**What the task requires**
Reproduce, exactly and in full, only the lines below from the one containing "Надувний човен Aqua Storm ST-280Т" through the one containing "Are 2016 Kia".
---------- The data
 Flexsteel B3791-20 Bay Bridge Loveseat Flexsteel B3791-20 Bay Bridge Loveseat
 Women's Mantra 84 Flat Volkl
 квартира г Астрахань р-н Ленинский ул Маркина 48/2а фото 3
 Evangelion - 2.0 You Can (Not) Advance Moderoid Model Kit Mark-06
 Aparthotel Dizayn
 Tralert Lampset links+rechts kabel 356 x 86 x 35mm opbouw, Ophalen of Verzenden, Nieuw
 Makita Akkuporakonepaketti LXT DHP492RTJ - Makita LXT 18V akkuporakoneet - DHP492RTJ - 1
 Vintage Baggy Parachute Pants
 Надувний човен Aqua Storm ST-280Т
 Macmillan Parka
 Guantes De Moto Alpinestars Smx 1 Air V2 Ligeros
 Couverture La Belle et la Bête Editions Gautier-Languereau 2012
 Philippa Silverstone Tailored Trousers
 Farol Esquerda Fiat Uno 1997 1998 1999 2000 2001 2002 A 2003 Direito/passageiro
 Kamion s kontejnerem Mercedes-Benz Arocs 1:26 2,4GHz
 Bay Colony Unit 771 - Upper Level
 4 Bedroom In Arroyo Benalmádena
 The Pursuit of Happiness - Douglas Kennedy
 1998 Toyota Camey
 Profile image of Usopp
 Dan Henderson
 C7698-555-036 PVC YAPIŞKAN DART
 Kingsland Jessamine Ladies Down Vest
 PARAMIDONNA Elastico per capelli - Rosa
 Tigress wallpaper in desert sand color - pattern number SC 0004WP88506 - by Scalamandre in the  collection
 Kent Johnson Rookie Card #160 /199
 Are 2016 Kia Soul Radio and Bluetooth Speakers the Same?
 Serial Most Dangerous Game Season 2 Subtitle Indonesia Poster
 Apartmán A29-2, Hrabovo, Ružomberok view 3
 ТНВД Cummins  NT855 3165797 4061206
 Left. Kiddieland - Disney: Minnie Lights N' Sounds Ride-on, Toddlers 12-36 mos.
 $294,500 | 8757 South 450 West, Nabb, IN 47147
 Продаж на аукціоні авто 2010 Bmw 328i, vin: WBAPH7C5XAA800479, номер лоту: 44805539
--------------------
**Output for this exercise**
 Надувний човен Aqua Storm ST-280Т
 Macmillan Parka
 Guantes De Moto Alpinestars Smx 1 Air V2 Ligeros
 Couverture La Belle et la Bête Editions Gautier-Languereau 2012
 Philippa Silverstone Tailored Trousers
 Farol Esquerda Fiat Uno 1997 1998 1999 2000 2001 2002 A 2003 Direito/passageiro
 Kamion s kontejnerem Mercedes-Benz Arocs 1:26 2,4GHz
 Bay Colony Unit 771 - Upper Level
 4 Bedroom In Arroyo Benalmádena
 The Pursuit of Happiness - Douglas Kennedy
 1998 Toyota Camey
 Profile image of Usopp
 Dan Henderson
 C7698-555-036 PVC YAPIŞKAN DART
 Kingsland Jessamine Ladies Down Vest
 PARAMIDONNA Elastico per capelli - Rosa
 Tigress wallpaper in desert sand color - pattern number SC 0004WP88506 - by Scalamandre in the  collection
 Kent Johnson Rookie Card #160 /199
 Are 2016 Kia Soul Radio and Bluetooth Speakers the Same?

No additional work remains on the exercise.